Dicho esto y a la luz de todas estas preocupaciones, quisiera cerrar mi intervención señalando algunos riesgos y consecuencias futuras que se pueden derivar para el país. Un primer peligro que se advierte tomando en cuenta la fragilidad que esto parece tener, es que si los pandilleros no ven pronto resueltas sus demandas, ni una oferta de reinserción social por parte del Estado, se rompa pronto el pacto entre ellos o, entre ellos y el gobierno, que termine desencadenando una escalada de violencia mayor. Una reacción extremadamente violenta de las pandillas, podría ser utilizada por el Estado para justificar una represión masiva que legitime nuevas regresiones autoritarias.
Por otra parte, dadas las condiciones bajo las cuales se ha manejado este asunto, la otra posibilidad es que al tratarse de un acuerdo entre las élites de las pandillas, una parte de la estructura de la pandilla que no está a favor de las negociaciones y que se siente excluida de los beneficios, reaccione con violencia. Esto podría conllevar a nuevas pautas de confrontación entre las pandillas, y a una nueva guerra entre estos grupos en el que ya no medien aspectos de orden identitario.
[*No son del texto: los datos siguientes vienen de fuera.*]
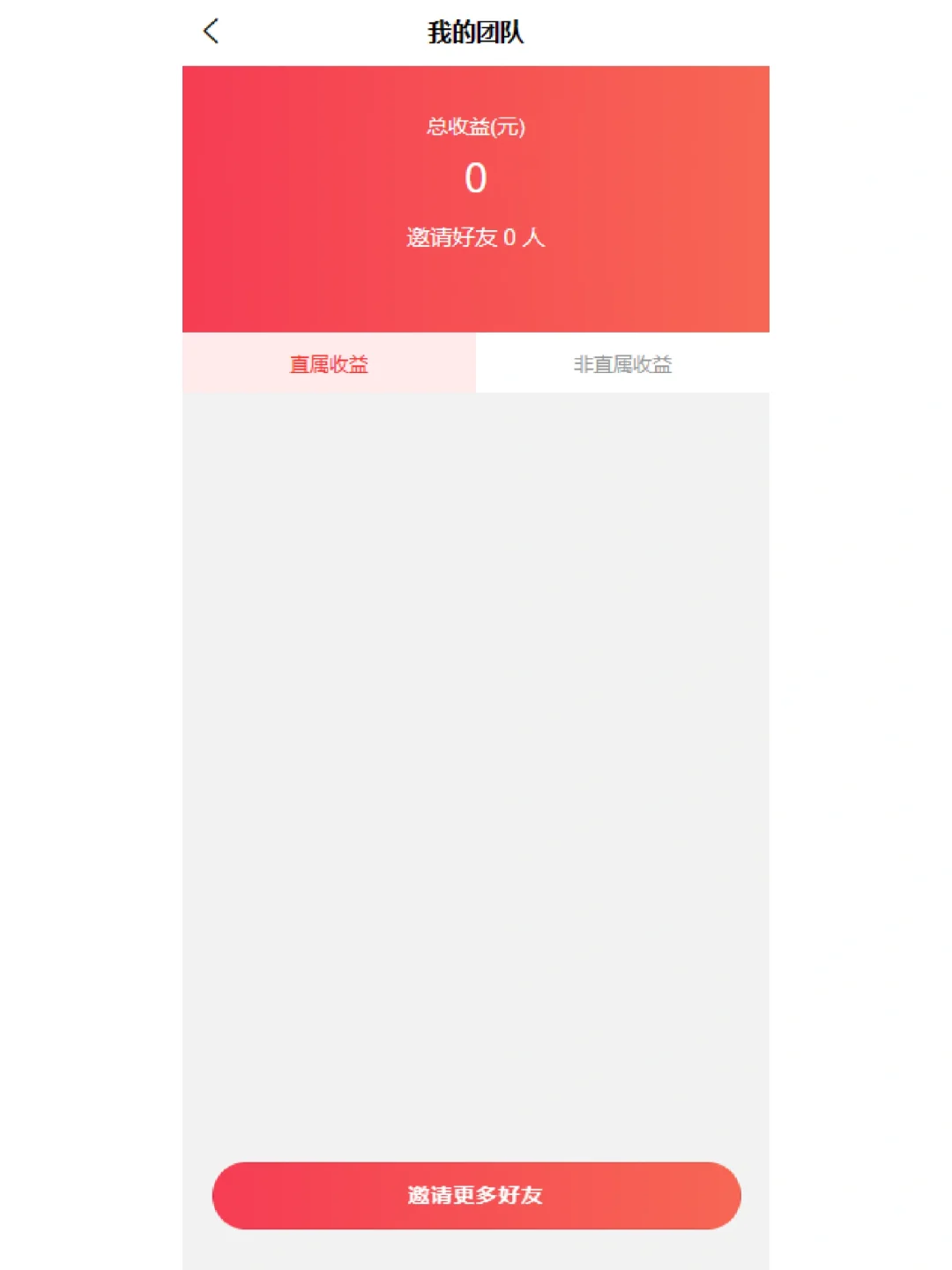 Java开发的单商户商城系统源码详细介绍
El otro gran riesgo, y quizá el principal es que si en efecto el crimen organizado también ha tomado parte en este proceso y la tregua entre las pandillas es solo un distractor para facilitar un corredor logístico para el paso de la droga en el país, en el corto plazo, la violencia se institucionalice y las mafias se infiltren en el Estado. Experiencias de países como Italia, México y Colombia han demostrado que cuando las mafias se institucionalizan, la violencia se reduce, tal y como sucedió en el caso de Medellín, en el que los homicidios bajaron en el marco de un pacto con algunos de los principales jefes paramilitares, pero otras actividades criminales como el tráfico de drogas y la extorsión se masificaron. Tal y como lo señaló el congresista James McGobern, en una conferencia dictada recientemente, al referirse a la tregua, «La ganancia a corto plazo puede resultar en un mayor dolor a largo plazo»; en este sentido la pregunta obligada es ¿Qué tanto estos acuerdos podrían estar hipotecando la seguridad futura de nuestros hijos, la seguridad futura del país?, son cuestionamientos que todos deberíamos estarnos haciendo.
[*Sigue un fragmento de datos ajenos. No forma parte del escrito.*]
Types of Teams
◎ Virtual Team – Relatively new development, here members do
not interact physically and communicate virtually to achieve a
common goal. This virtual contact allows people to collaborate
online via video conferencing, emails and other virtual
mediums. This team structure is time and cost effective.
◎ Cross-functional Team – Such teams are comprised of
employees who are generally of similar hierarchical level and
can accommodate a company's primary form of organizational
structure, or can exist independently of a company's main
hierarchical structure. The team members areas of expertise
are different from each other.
Esperamos que estas preocupaciones, por supuesto no lleguen a convertirse en realidad, pero en todo caso, son riesgos que le tocan prevenir al gobierno, sobre quien recae la principal responsabilidad de las consecuencias futuras que de esto se deriven para el país. Para terminar, no quiero dejar de subrayar que toda solución sostenible al fenómeno de las pandillas y la de la violencia en general, pasa necesariamente por la adopción de políticas integrales de atención al fenómeno de la violencia juvenil, la generación de oportunidades de inclusión social a los jóvenes, el fortalecimiento de la institucionalidad democrática y la lucha contra la impunidad. Muchísimas gracias!!